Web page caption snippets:
------------------------------------------------------------
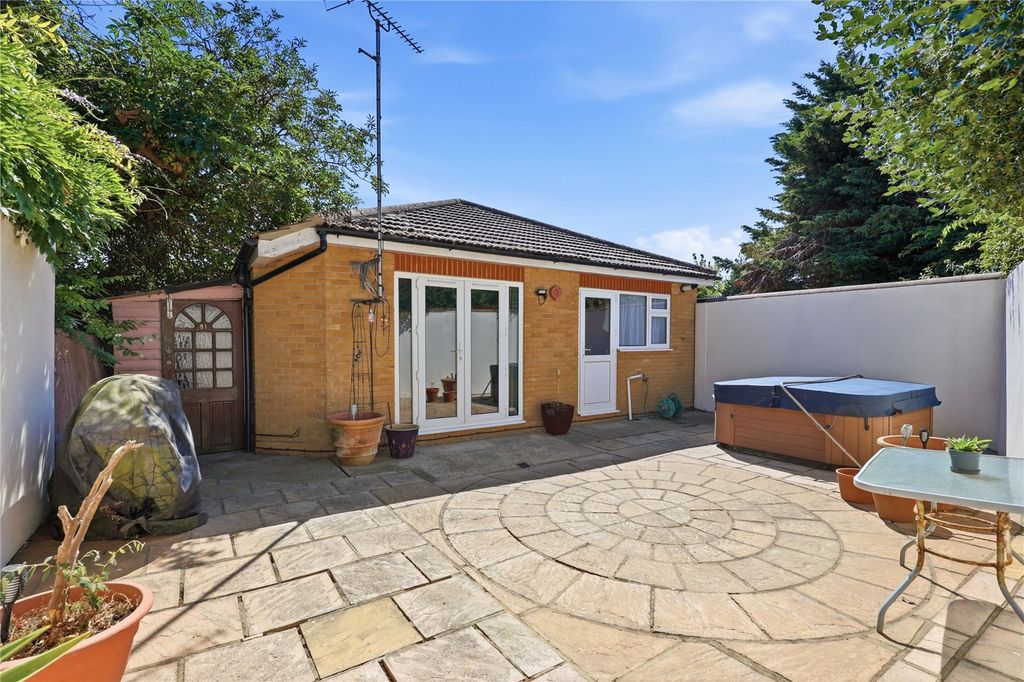Property photo 3 of 11 Picture No. 13
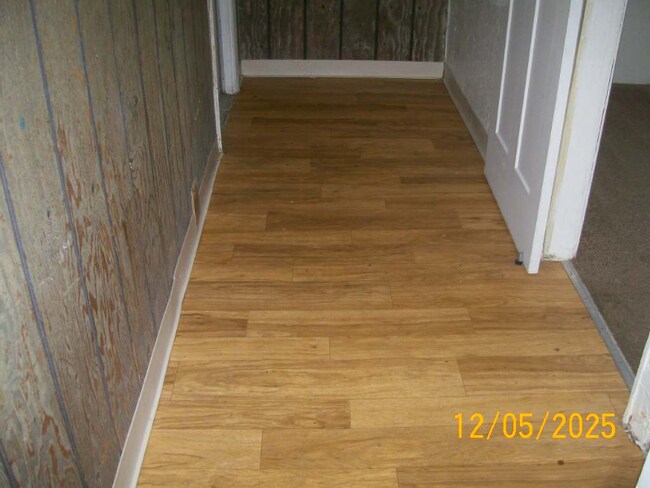 Building Photo - 3098 Springhill Rd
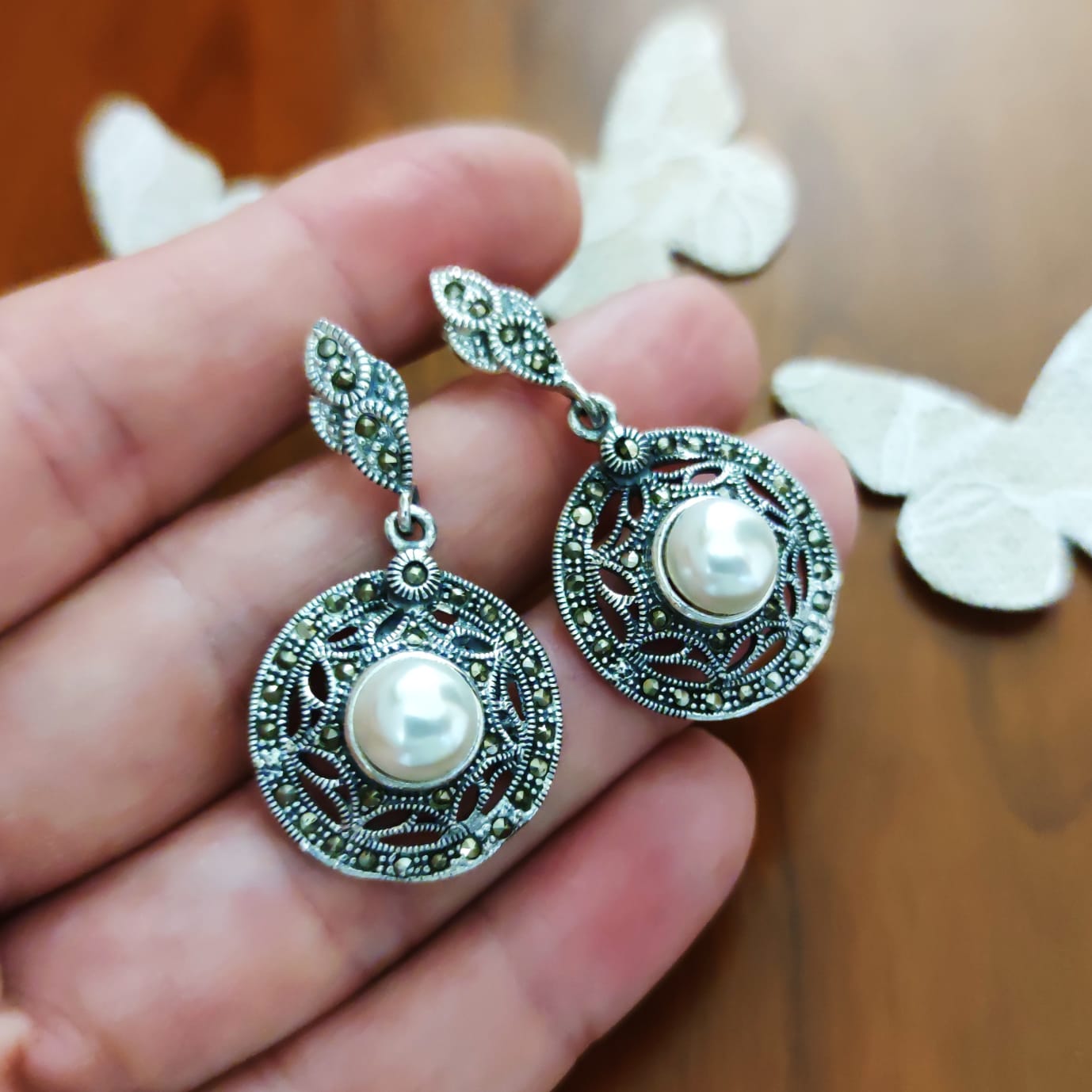 Pendientes calados Perlas cultivadas y Marcasitas en Plata vieja_1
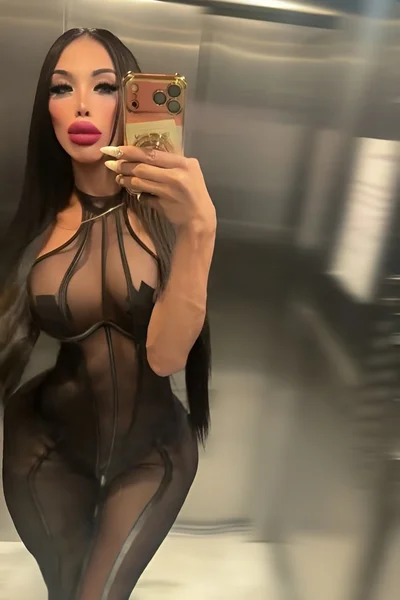 Muñequita Louana (24 años) — San Telmo, Argentina - 5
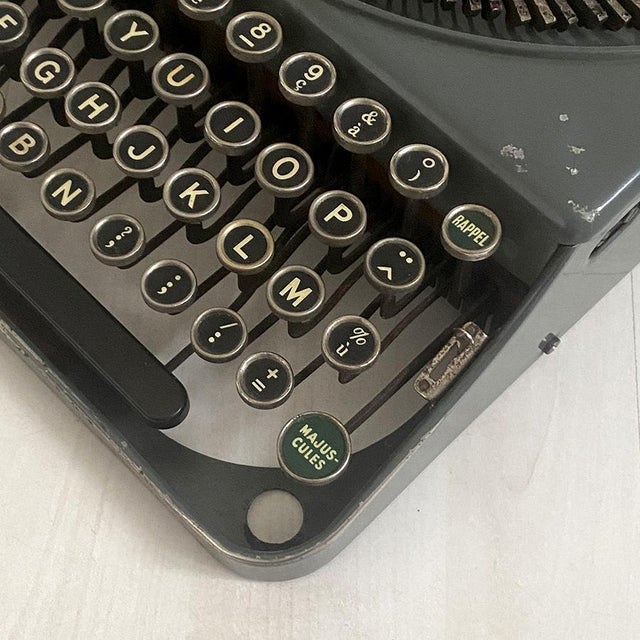 Premier Portable Typewriter from Smith, 1930s For Sale - Image 4 of 11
------------------------------------------------------------
### TASK OBJECTIVE:
In your copy of the records above, include every line exactly but no pictures.

### TASK ANSWER:
Property photo 3 of 11 Picture No. 13
 Building Photo - 3098 Springhill Rd
 Pendientes calados Perlas cultivadas y Marcasitas en Plata vieja_1
 Muñequita Louana (24 años) — San Telmo, Argentina - 5
 Premier Portable Typewriter from Smith, 1930s For Sale - Image 4 of 11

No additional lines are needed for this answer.